◆ YOUR OBJECTIVE:
Repeat only what runs from the line with "this 1050×700 image." through the last line of the data below, both included, keeping every word as it is and leaving out the pictures.

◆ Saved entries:
════════
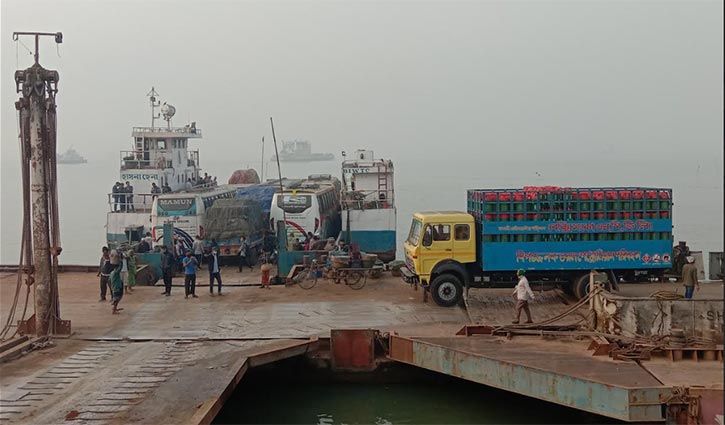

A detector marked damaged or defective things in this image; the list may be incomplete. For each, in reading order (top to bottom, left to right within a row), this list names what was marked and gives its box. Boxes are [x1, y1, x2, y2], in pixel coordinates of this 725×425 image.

rusty metal ramp [388, 334, 672, 420]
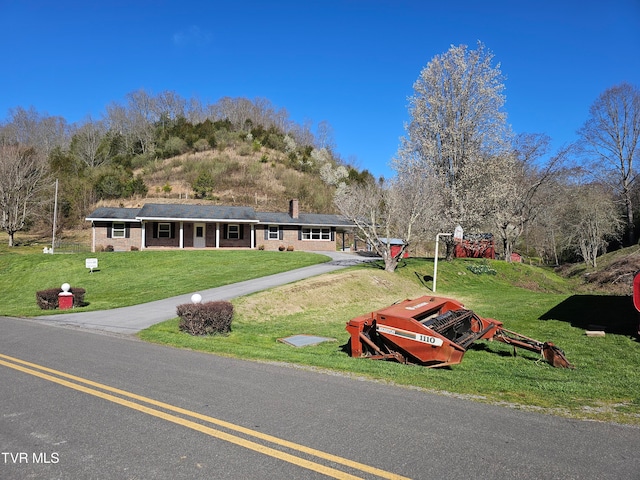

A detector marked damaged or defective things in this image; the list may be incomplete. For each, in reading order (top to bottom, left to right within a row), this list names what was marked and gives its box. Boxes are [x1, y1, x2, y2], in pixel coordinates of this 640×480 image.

rusty orange farm equipment [348, 294, 572, 370]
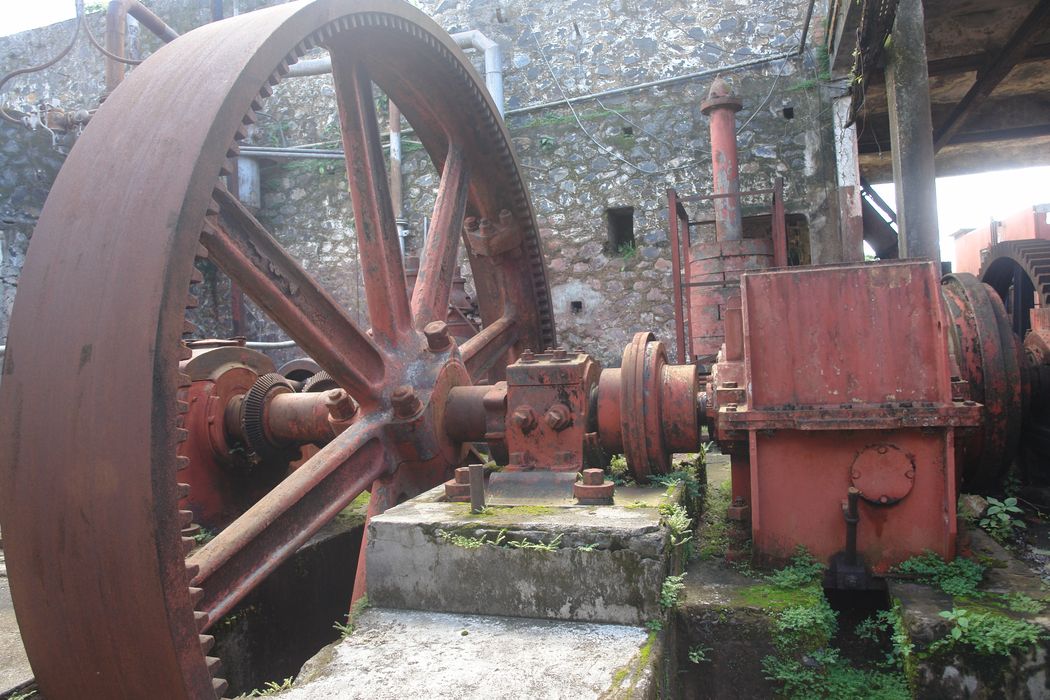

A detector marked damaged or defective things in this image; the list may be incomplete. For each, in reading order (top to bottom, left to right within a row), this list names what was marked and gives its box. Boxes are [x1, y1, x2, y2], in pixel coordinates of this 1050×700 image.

large rusty flywheel [0, 2, 556, 696]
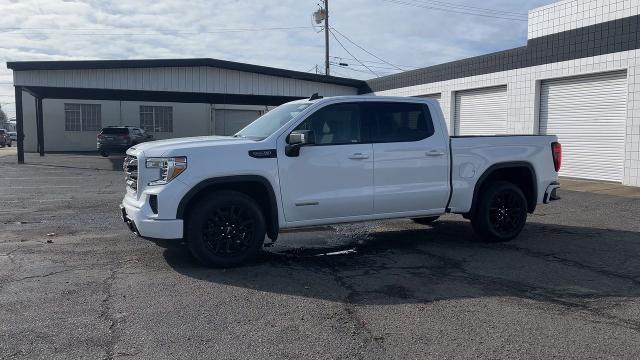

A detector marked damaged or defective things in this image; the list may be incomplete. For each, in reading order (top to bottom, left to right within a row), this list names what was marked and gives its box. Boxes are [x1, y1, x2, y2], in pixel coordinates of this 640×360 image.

cracked asphalt [1, 150, 640, 360]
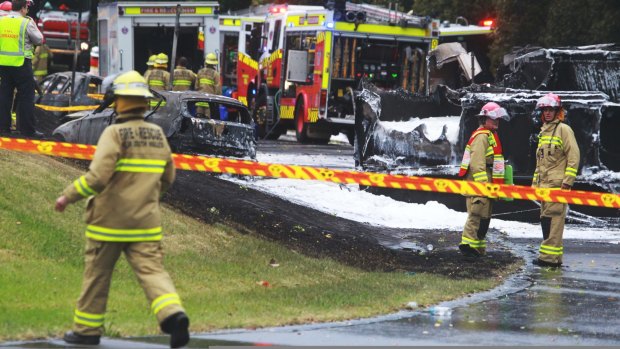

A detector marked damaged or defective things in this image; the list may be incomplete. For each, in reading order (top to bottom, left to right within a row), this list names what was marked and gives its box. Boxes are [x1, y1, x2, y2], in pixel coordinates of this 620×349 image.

burnt car [34, 71, 103, 134]
burnt vehicle [35, 71, 103, 134]
burnt car [52, 89, 256, 158]
burnt vehicle [53, 90, 256, 160]
charred truck wreck [354, 44, 620, 223]
burnt vehicle [354, 85, 620, 224]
════════
◆ ANSWER BELOW:
A detector marked damaged or defective things in this image; the list may be incomplete. For each, in reading order (top to bottom, left to right within a row), this list names what was marked and gives its box. Boxes are [x1, y1, x2, y2], in pixel coordinates of this 1050×700 image.

large rusty flywheel [0, 2, 556, 696]

A detector marked damaged or defective things in this image; the list may be incomplete. For each, in reading order (top to bottom, left to right within a row), this list names what was marked and gives its box. Boxes are [x1, y1, x2, y2], in pixel coordinates of this 640×360 image.

cracked asphalt [1, 150, 640, 360]

A detector marked damaged or defective things in this image; the list may be incomplete. For each, in reading order (top to bottom, left to right within a row), this list names what was marked and gives its box. Boxes are [x1, y1, x2, y2], in pixel coordinates of this 620×349 image.

burnt car [34, 71, 103, 134]
burnt vehicle [35, 71, 103, 134]
burnt car [52, 89, 256, 158]
burnt vehicle [53, 90, 256, 160]
charred truck wreck [354, 44, 620, 223]
burnt vehicle [354, 85, 620, 224]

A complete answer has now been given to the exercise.